### WORK ORDER
Your copy should repeat each record below exactly and contain no images.

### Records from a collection
+++

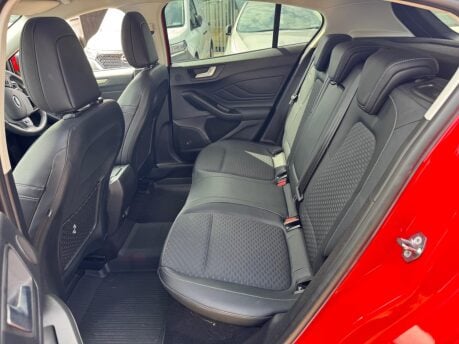 Ford Focus 1.0T EcoBoost MHEV Titanium X Edition Euro 6 (s/s) 5dr 17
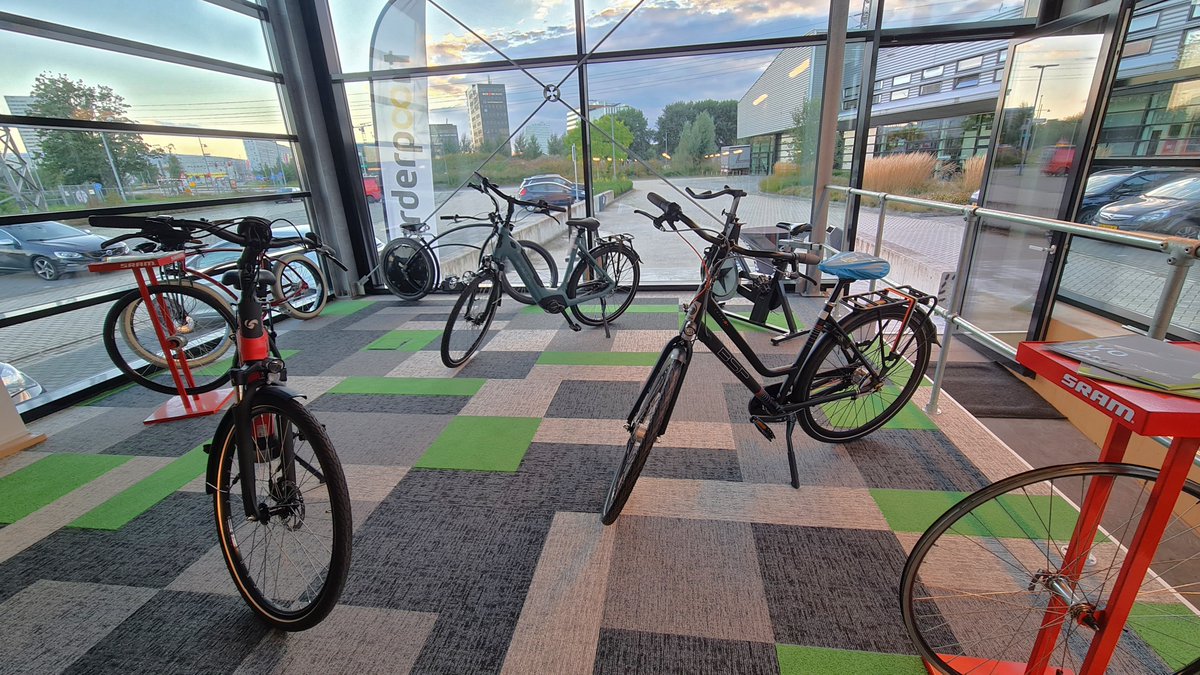 Op maandag 4 oktober opende Noorderpoort officieel het Praktijkcentrum voor Fietstechniek aan de Bornholmstraat in Groningen. Een moderne leerplek, voorzien van alles wat nodig is om de fietstechnici van de toekomst op te leiden. #fietstechniek #automotive #noorderpoort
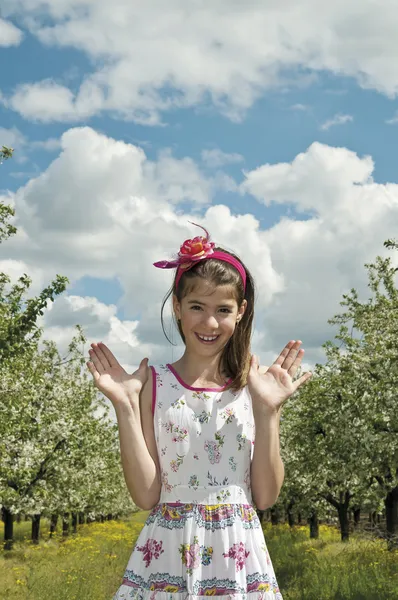 Ragazza nel frutteto di ciliegie acide felice — Foto Stock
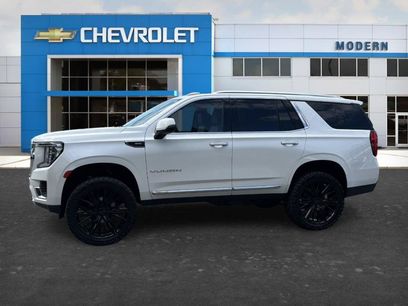 Used 2021 GMC Yukon SLT w/ SLT Premium Package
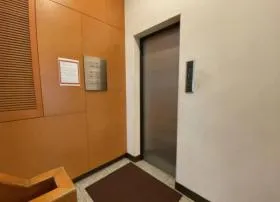 岩上ビルの外観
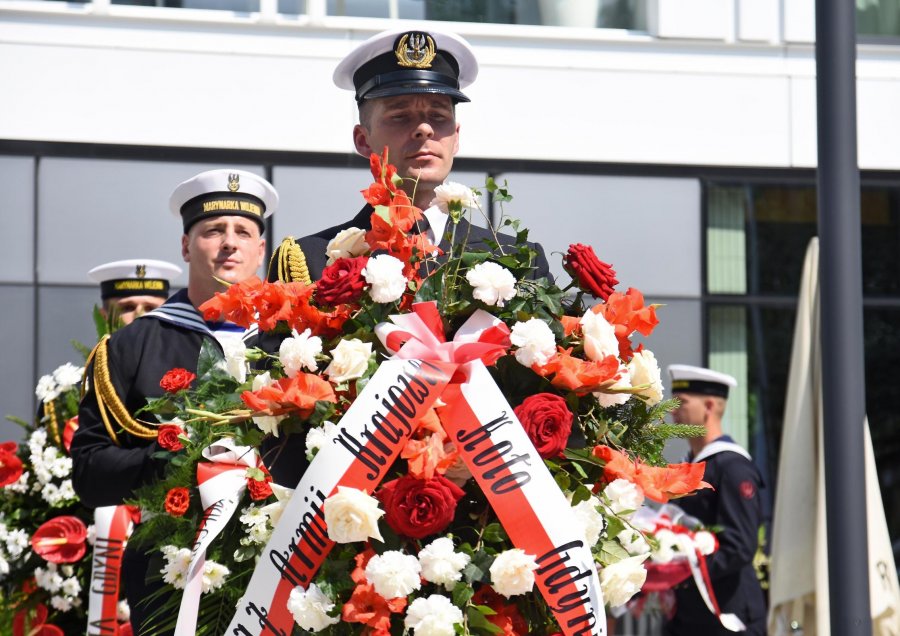 Uroczystości upamiętniające 74. rocznicę wybuchu Powstania Warszawskiego w Gdyni, fot. Kamil Złoch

+++

### TASK SOLUTION
 Ford Focus 1.0T EcoBoost MHEV Titanium X Edition Euro 6 (s/s) 5dr 17
 Op maandag 4 oktober opende Noorderpoort officieel het Praktijkcentrum voor Fietstechniek aan de Bornholmstraat in Groningen. Een moderne leerplek, voorzien van alles wat nodig is om de fietstechnici van de toekomst op te leiden. #fietstechniek #automotive #noorderpoort
 Ragazza nel frutteto di ciliegie acide felice — Foto Stock
 Used 2021 GMC Yukon SLT w/ SLT Premium Package
 岩上ビルの外観
 Uroczystości upamiętniające 74. rocznicę wybuchu Powstania Warszawskiego w Gdyni, fot. Kamil Złoch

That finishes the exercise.